I paid attention to Frank Hoyt Taylor rewatching Big Fish (it’s one of my favorite movies). He wasn’t the lead star there but perfectly played his part.
I started to look for other films with him.
The Most Interesting Roles
In my opinion, his best role is the self-taught painter David Wark in the comedy-drama Junebug.
The chief film critic for New York magazine and CBS Sunday Morning David Edelstein described this Frank Hoyt Taylor’s work in the following way: “You’ll think this guy, with his affectless dialect, is a found object, but Taylor is merely an accomplished actor.”
That’s true. He doesn’t seem to be playing at all, he just lives his characters’ lives.
I liked Taylor very much as Uncle Bog (the TV series Christy based on the bestseller by Catherine Marshall) and as Gilson (another series, Halt and Catch Fire).
This actor can create very persuasive images of officers, detectives, judges. I think it isn’t easy.
Facts From His Bio
Frank was born in Norton, Virginia. Having earned a university degree, he joined the newly formed Roadside Theatre.

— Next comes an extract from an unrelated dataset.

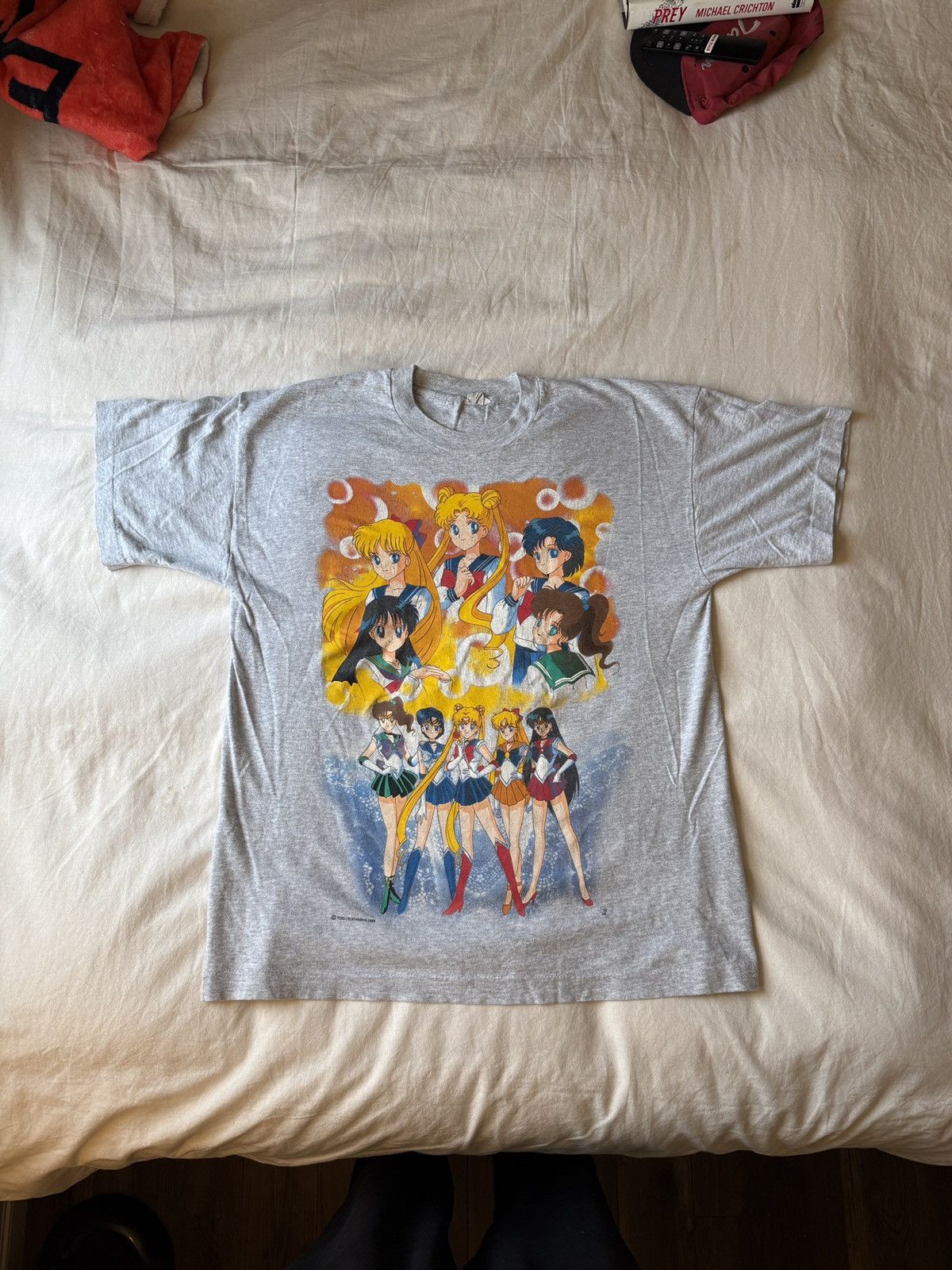 Other RARE* Vintage 90's Sailor Moon Anime Art Single Stitch Shirt Size US L / EU 52-54 / 3 - 1 Thumbnail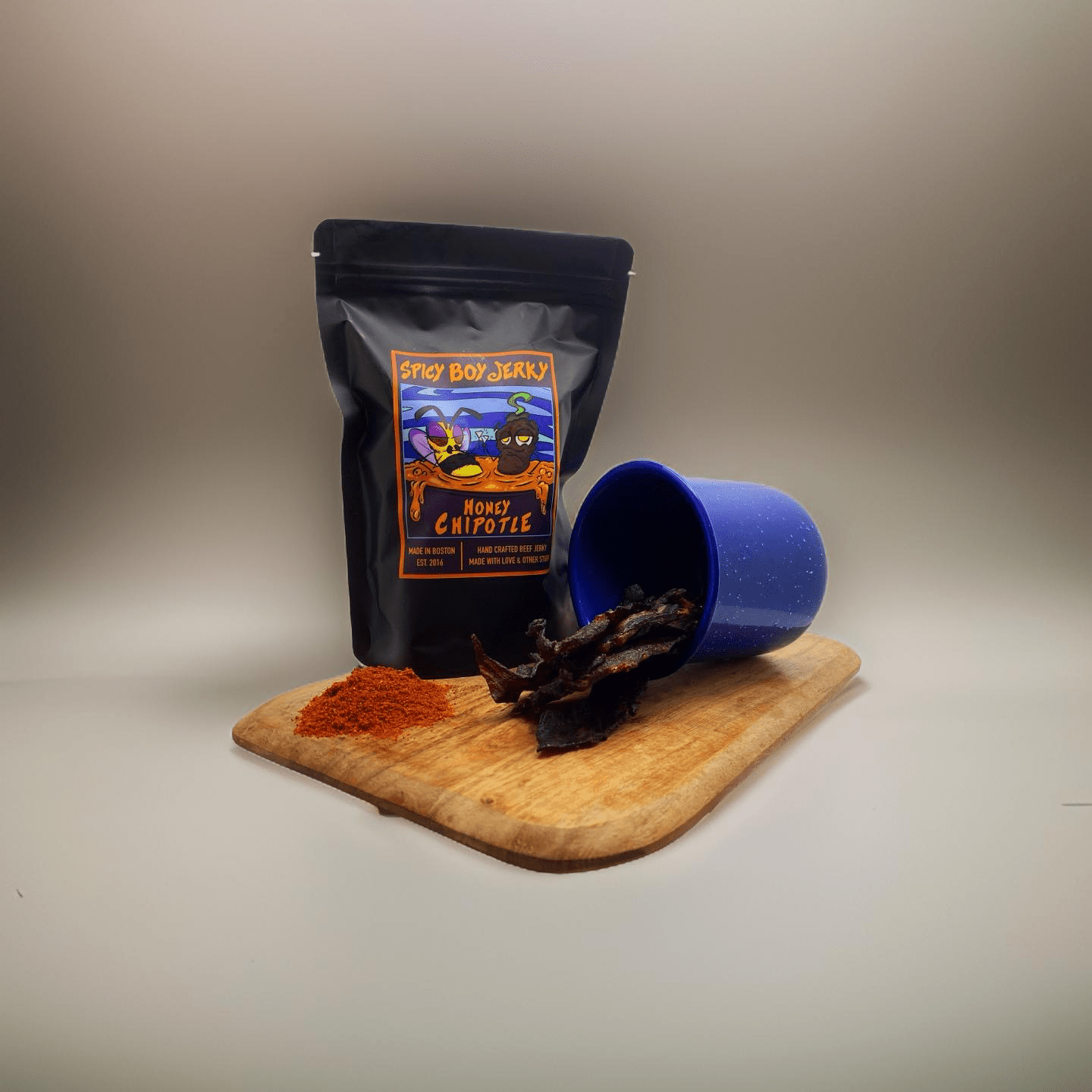 Honey Chipotle Jerky - Spicy Boy Jerky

Over lots of theatre touring performances, Taylor started his career as a film actor. He decided to audition for a part in Mark Rydell’s The River and got it. The work took three months; then there was a pause.
Frank Hoyt Taylor appeared in a film again only in eighteen months, it was John Sayle’s Matewan.
Then the actor found an agent. Auditions became frequent; they went well, as a rule. He has already played in more than 20 movies.
Apparently, Taylor is a very interesting person. He doesn’t position himself as a celebrity. Frank Hoyt Taylor lives in a house he built with his own hands on a farm, far from fuss.